Hydrodynamic Model for Biogenic Gas Trapped in Low Permeability Sands - Western Plains of North America
Kaush Rakhit1, Dave Hume1, Daniel Barson1
(1) Rakhit Petroelum Consulting Ltd, Calgary, AB
Gas trapped in tight reservoirs in the Western Plains and Rocky Mountain Basins of North America forms a substantial unconventional gas resource. Three play types with distinct hydrodynamic signatures are recognized:
1. Shallow biogenic gas
2. Deep Basin gas
3. Basin-Centred gas
All are hosted in Cretaceous-Tertiary clastic reservoirs. Deep Basin and Basin-Centred gas have been discussed in the literature in recent years. This paper focuses on current developments in understanding of the shallow biogenic gas (SBG) play. SBG generally occurring at depths of less than 1,000 m (3,300 ft) represents a poorly understood by-passed resource. A potential for greater than 70 TCF of gas-in-place has been determined in the Western Plains region extending from central Alberta in Canada into the U.S. mid-west. The play potentially continues south to the Gulf Coast.

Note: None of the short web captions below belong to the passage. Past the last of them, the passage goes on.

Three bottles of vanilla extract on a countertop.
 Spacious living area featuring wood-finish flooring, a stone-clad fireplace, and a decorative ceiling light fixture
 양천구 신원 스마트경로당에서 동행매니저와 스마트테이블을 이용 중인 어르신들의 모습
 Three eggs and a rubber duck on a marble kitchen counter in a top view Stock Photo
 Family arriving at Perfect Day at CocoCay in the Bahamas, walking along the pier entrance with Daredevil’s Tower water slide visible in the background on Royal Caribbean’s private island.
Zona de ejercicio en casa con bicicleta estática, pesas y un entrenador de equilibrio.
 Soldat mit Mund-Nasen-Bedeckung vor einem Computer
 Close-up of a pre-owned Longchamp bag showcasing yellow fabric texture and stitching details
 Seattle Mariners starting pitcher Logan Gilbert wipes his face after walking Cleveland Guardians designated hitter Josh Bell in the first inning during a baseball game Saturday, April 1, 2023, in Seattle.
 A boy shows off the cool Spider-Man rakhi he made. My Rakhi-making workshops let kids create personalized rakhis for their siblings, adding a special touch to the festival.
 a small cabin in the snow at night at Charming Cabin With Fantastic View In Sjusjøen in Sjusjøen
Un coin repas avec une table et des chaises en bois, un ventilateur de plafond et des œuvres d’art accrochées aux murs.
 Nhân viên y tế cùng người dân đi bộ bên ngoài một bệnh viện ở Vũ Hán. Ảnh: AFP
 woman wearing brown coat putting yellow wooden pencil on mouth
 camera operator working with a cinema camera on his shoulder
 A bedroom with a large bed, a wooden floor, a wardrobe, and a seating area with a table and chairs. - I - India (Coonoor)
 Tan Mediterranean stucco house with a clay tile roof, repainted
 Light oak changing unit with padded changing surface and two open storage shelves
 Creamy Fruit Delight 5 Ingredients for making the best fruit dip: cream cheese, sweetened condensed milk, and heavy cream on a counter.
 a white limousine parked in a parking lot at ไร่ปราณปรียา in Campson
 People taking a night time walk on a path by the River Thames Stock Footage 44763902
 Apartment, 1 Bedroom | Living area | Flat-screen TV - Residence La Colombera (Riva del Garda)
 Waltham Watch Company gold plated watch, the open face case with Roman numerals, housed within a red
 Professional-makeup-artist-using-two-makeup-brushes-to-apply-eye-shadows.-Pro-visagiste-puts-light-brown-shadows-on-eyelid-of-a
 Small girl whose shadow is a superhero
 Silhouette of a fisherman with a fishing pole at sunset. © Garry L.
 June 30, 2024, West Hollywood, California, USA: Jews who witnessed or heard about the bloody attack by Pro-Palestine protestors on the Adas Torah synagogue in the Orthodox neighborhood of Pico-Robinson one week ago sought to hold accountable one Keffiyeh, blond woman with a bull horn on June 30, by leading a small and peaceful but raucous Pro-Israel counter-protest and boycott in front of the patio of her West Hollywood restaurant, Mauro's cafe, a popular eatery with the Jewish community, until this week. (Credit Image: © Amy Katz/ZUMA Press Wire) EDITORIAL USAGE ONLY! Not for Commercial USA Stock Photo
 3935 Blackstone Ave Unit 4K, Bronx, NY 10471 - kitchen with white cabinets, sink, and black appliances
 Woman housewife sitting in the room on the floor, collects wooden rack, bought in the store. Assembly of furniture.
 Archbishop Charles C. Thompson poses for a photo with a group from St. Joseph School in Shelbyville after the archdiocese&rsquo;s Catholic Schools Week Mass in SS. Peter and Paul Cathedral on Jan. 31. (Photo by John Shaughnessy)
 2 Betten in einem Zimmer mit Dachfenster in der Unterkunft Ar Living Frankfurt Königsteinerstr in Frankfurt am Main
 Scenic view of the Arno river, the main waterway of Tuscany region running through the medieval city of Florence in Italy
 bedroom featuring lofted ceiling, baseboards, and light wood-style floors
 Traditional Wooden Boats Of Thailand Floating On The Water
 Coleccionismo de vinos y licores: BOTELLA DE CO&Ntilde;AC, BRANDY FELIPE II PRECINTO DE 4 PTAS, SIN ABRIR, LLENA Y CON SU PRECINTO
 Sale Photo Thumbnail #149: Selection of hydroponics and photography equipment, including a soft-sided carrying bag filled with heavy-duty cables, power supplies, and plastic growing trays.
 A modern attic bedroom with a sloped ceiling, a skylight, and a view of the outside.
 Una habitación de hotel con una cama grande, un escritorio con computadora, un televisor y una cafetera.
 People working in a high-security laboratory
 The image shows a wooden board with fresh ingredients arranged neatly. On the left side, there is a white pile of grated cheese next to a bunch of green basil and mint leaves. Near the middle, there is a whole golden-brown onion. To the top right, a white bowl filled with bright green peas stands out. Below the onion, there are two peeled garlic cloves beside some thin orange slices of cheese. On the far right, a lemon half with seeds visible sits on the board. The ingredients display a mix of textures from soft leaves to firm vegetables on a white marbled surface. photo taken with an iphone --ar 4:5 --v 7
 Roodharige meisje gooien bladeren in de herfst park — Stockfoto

A broad areal extent, subnormal formation pressures ranging from 20 to 70% of hydrostatic and occurrence in low permeability sand-shale sequences characterizes the resource. Subnormally pressured gas-charged sands often show a transition updip to normally pressured water-wet sands. Downdip flow, which is usually observed in the water-wet section, may enhance the trap in some cases. SBG is often by-passed due to deep invasion, relatively high water saturation (45-75%) and fresh formation water (<10,000 ppm), which together invalidate conventional petrophysical analysis and testing techniques.
Recognition of the unique hydrodynamic signature and an understanding of the basin evolution required for its occurrence are key to identifying and exploiting the shallow gas resource and extending the play into other basins.